Car manufacturers have come up with varied ways of meeting the tighter Euro six NOx boundaries. The challenge has been to either reduce the production of NOx at source well enough to avoid other more costly measures, which is fairly difficult, or to post-process the NOx-rich harass gases to reduce the level below the Euro six thresholds, effectively by one of two different ways. Manufacturers may employ different methods in different cars in their ranges, and in some cases the same engines may use different methods in different car models, depending on their power output and weight.
Harass Gas Recirculation (EGR) is a key player in reducing NOx emissions, and is based on substituting some of the air in the intake gases with recycled harass gas, mostly carbon dioxide. These gases substitute some of the nitrogen that comprises eighty per cent of air, thus reducing the amount of nitrogen available to be oxidised to NOx during combustion. Engine conditions that cut NOx emissions tend to increase particulate emissions, and vice-versa, which further adds to the difficulties. NOx reduction at source, without any need for further harass processing to reduce NOx, has in some engines been achieved by clever engineering of EGR systems, whilst Mazda has diminished the compression ratio of its fresh SkyActiv engines (to just 14:1) to reduce combustion temperatures and, along with EGR and variable harass valve lift, are meeting Euro six thresholds without any further treatments.
The 2nd method, involving destruction of NOx in the harass system, employs proven NOx storage technology, where a catalytic converter stores generated NOx in certain engine conditions and then, in brief fuel-rich periods, the nasty stuff is released and diminished to harmless nitrogen over a catalyst. Other similar systems involving improvised NOx storage and intermittent destruction are used by several manufacturers, such maintenance-free NOx treatment technics being generically termed NSR (NOx Storage Reduction) or LNT (Lean NOx Traps.)

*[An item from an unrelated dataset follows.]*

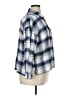 Madewell Plaid Blue 3/4 Sleeve Button-Down Shirt Size XL - photo 4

The third method of NOx control, called Selective Catalytic Reduction, is a system using injected Diesel Harass Fluid (DEF), or commonly known as AdBlue, stored in a separate tank in the car. The active additive component, urea, reacts to neutralise the NOx in the harass gases. SCR is well-proven technology and has been used in intense commercial vehicle engines for some years. SCR, where the NOx is only processed at the end of the harass system, also has some benefits in that harass gas NOx reduces the temperature at which accumulated DPF particulates burn off, reducing blockage problems and there may even be scope for further developments where NOx is specifically targeted at keeping DPFs clear of soot, using the NOx and soot to demolish each other. SCR also holds out the promise of delivering marginally better fuel consumption than the alternative systems.
We may find that Euro six emissions regulations can be met with either improved EGR systems, or NOx storage and later processing on many smaller vehicles, while most higher-powered vehicles may require costlier SCR technology, which may in fact suggest superior fuel economy to NSR. But the maintenance-free systems are seemingly nearing boundaries of effectiveness, and those adopting additive-based SCR may be better placed if even lower NOx emissions boundaries come with Euro 7, and will be well disposed for today’s North American market, where tougher NOx boundaries are already in place.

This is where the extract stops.